Religion is okay with the courts, so long as it doesn't mean anything.

If congress shall make no law respecting an establishment of religion, or prohibiting the free exercise thereof, then understanding what religion is becomes very important. Tragically, judges are engaged in linguistic gerrymandering by redefining religion in ways that threaten the traditional understanding of our right to free exercise of religion.

A March decision from the California Supreme Court is the starkest example. Even though Catholic Charities opposes contraception, the court said, it isn't exempt from a state law requiring businesses to pay for employees' artificial birth control because the church-affiliated social service organization isn't a religious employer. Here's how a California law defines religious employers: "Those organizations for which the inculcation of religious values is the sole purpose of the entity, that primarily employ only adherents of their own faith tradition, that primarily serve only people who share their religious tenets, and that qualify as nonprofit organizations."

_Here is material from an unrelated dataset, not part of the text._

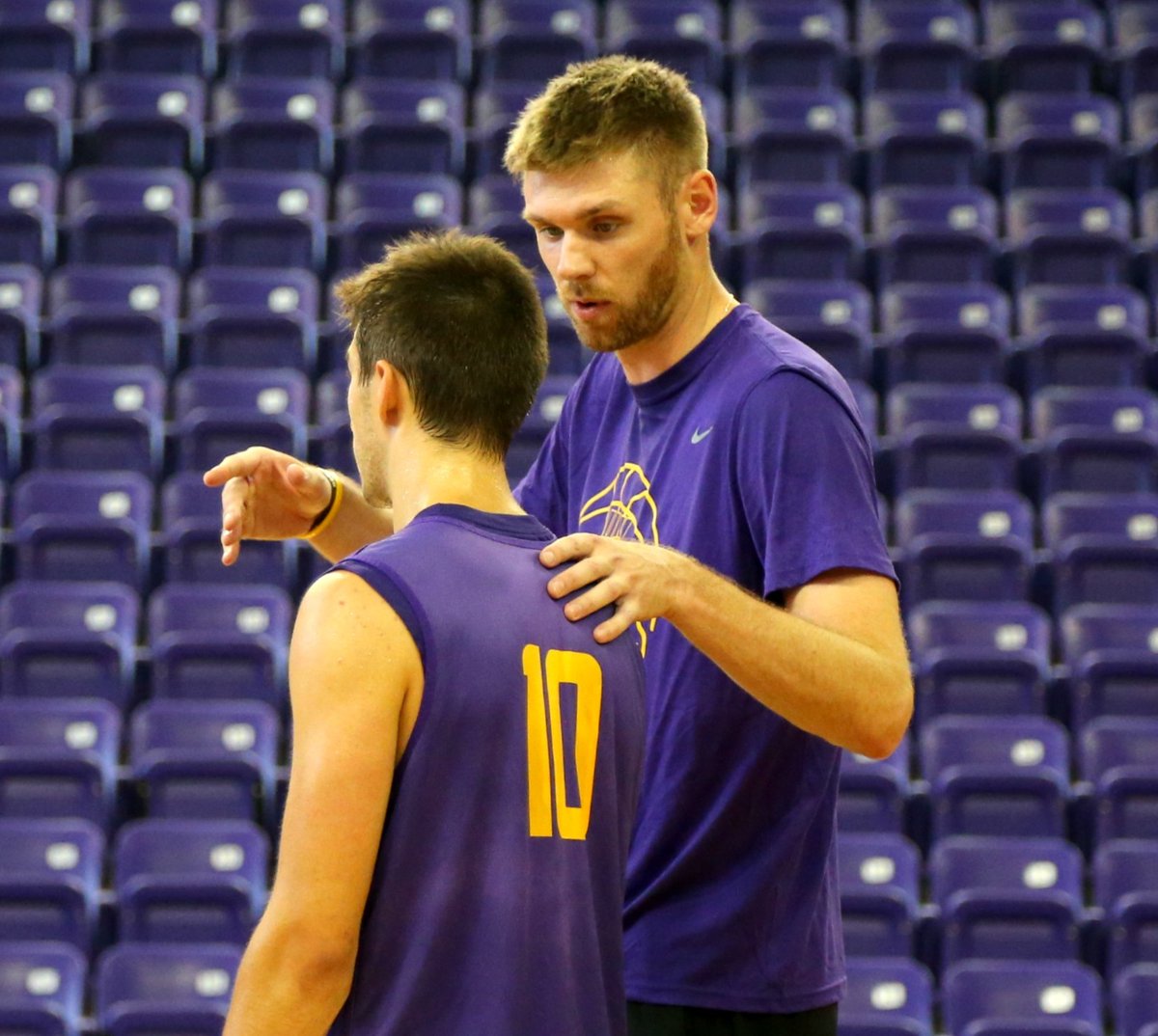 UNImbb's tweet photo. Always an opportunity to learn 🏀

Since Catholic Charities hires and serves non-Catholics, and because its evangelism is indirect rather than direct, it can't be a religious employer, the court majority said.

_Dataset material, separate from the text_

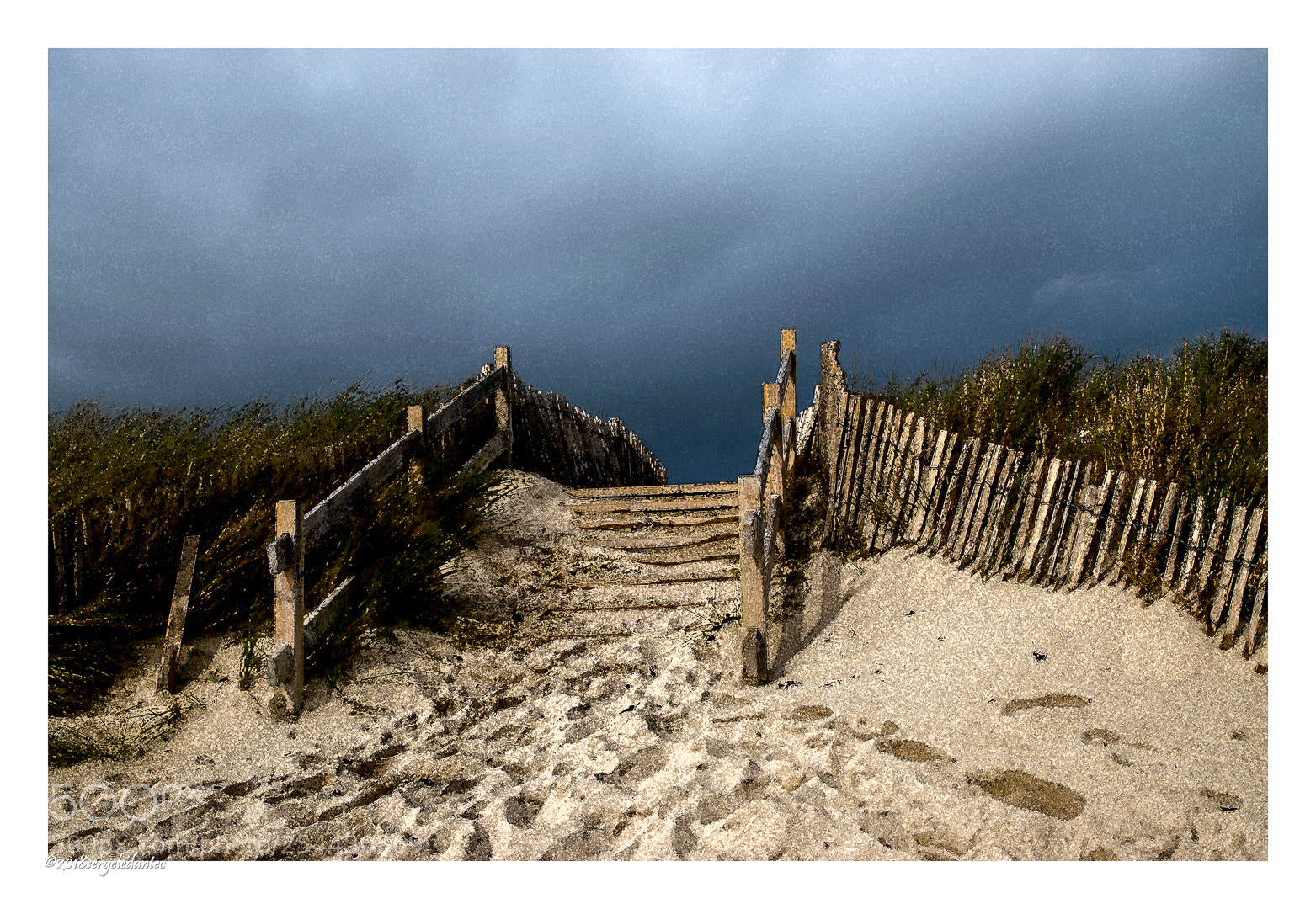 Nikon D5300 sample photo. Escalier de plage photography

"This is such a crabbed and restrictive view of religion that it would define the ministry of Jesus Christ as a secular activity," wrote Justice Janice Rogers Brown, the sole dissenting judge in the case (her nomination to a federal judgeship, by the way, is stalled in the Senate). "Here we are dealing with an intentional, purposeful intrusion into a religious organization's expression of its religious tenets and sense of mission. The government is not accidentally or incidentally interfering with religious practice; it is doing so willfully by making ...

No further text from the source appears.